The point of all this is that we should strive to define our own success pie. You might want to be the dynamic mom/dad you've always wanted to be or become the public service leader you've always wanted to become. The pie is ours to create and each definition of success is not limited to any one thing. You can mix toppings my friend. I won't tell. And we shouldn't feel bad when people don't understand our passion because as long as we're being honest with ourselves, success should mean something different to each of us.
Knowing that I'm going to be leaving Chicago and then leaving the Bay (again) has also made me think about the people in my life a lot. Like I wrote to my friends here in Chicago, I've always believed that I'm the collective reflection of the people and experiences I've come across in my life, so I can't thank the people around me enough for adding so much to that. Whether I'm here in Chicago or on the other side of the world, I'll always have those experiences to draw from. I get so much energy from people. I feed off them (I'm not literally eating them, seafood only for this guy). A friend came out to visit a while back and said how he couldn't wait to see what crazy thing I had planned to make the trip memorable. That meant a lot because I think that should be a big part of life. Being with people and experiencing new things. Tasting things you've never tasted and seeing things you've never seen and feeling a way you've never felt. That intangible that makes moments memorable. I'm lucky enough to have people in my life that are continually doing that for me.
A dinner conversation the other night kind of sums the last month. A doctor buddy and I finish dinner and here's how the conversation went.
Buddy: "Okay, we should probably head home. Early morning for me.

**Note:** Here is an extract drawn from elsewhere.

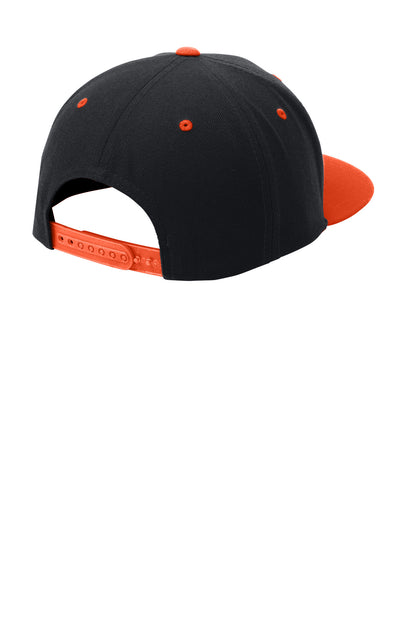 Sport-Tek YP Classics Flat Bill Snapback Cap. STC19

I'm drilling into someone's skull tomorrow. Glad we had dinner. It's really admirable what you're doing."
Me: "Hey thanks that means a lot. Wait what, you're drilling into a live person's skull?"
Buddy: "Yeah. (makes drill motion) Right into their skull. So yeah, I would not have the balls to do what you're doing."
Me: "Dude, are you fucking serious? Wait, what if you hit their brain? What's the allowable margin of error on something like that?"
Buddy: "Really really microscopic. No worries though. Anyway, maybe it's my profession but I'm much too risk averse to take a leap the way you are."
But not too risk averse to drill into a human skull! Obviously he's got his pie and I've got mine.
If you're in Chicago.... it's been a ridiculous two years. It's going down tomorrow. Look sharp.
If you're in the Bay.... fire up the BBQ - dust off the beach chairs. I'm coming home for a bit.
And if you're in India.... get ready. I'll be there soon.
So to all of you out there trying to make shit happen: props to your success and continual effort towards new success. Thanks for the inspiration. I think I'm ready to define and try to reach my own.